Thomas at the AWS Carolinas Library Summit
On March 23, 2023, I attended a meeting held at the Atkins Library, UNCC, hosted by Amazon Web Services. AWS has been making a conscious push into higher ed in the last few years, and they wanted to showcase a couple of library-oriented projects in the region and show off some very cool software.
In an opening talk, Greg Ritter, their Higher Education Lead, discussed how AWS can support libraries with four main challenges they hear from clients:
- Keeping pace with the growth of digital collections (think: massive amounts of incredibly reliable cloud storage, but also huge machine learning-based boosts to descriptive metadata for photo and video archives)
- The changing needs of scholars and researchers as digital tools become more available and easier to use (think: Digital Humanities projects and research data curation)
- Quantifying and assessing the Library’s impact on student outcomes (library analytics)
- Transforming library physical spaces (notably including space usage sensors, down to individual seats, and managing the data they generate)
One of the specific tools they’ve created is a set of reference architectures. That is, they’ve established pre-configured setups for applications like Archivematica for digital preservation, or Omeka, for digital presentations. This greatly simplifies getting started with these platforms.
Speakers from USC and UNCC talked through several projects they’ve done with AWS. UNCC is on a journey comparable to ours, having moved their on-premises servers to the AWS cloud.
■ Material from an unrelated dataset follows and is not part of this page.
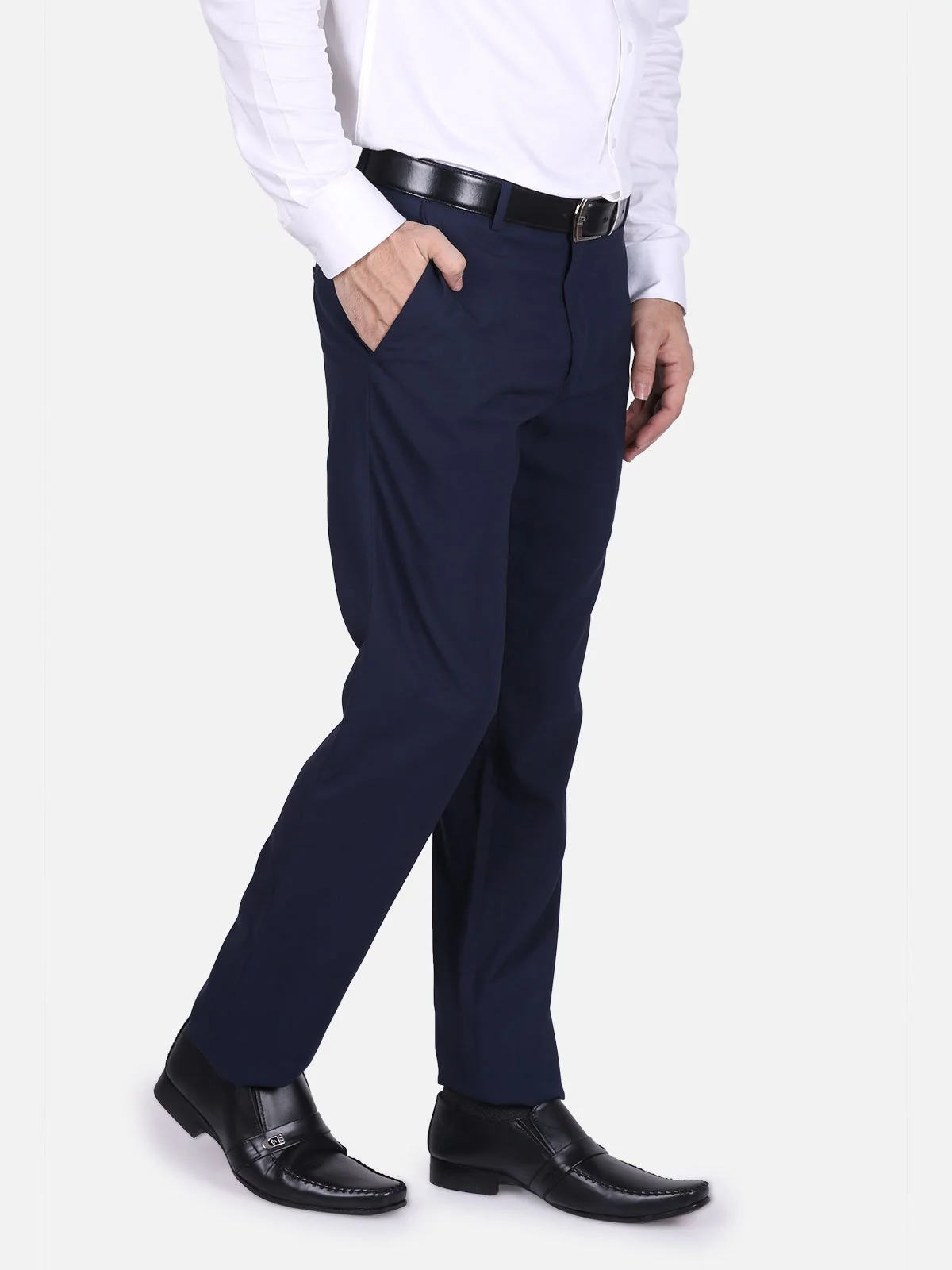 Men's Navy Blue Pant - EMBPF17-15178 - Image 2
They are also beginning work on a one million-photograph collection of NASCAR images for which they will use AWS software to identify drivers and other individuals.
USC described a project to extract the full text of approximately 10,000 scanned probate records from South Carolina, documenting the legal transfer of property. The challenge is that these are handwritten, tabular records from the early to mid 19th Century. 19th Century cursive handwriting is tricky enough, not to mention faded ink on stained paper, but OCR systems chronically have problems making sense of tables and forms, so this was impressive to see.
In the afternoon, I attended the technical track meeting that stepped through some sample projects with some of this software. We worked with Rekognition, the software that “understands” the content of images, and Textract, the text recognition software. Text grabbed with Textract can then be piped to other apps for translation or for semantic comprehension (for example, determining that “London’s Whitechapel district” refers to a place, and “Jack London’s White Fang” refers to a person and a book).
As very early adopters, we know the value we have gotten using AWS servers. This was an illuminating exploration of other services we may want to take advantage of.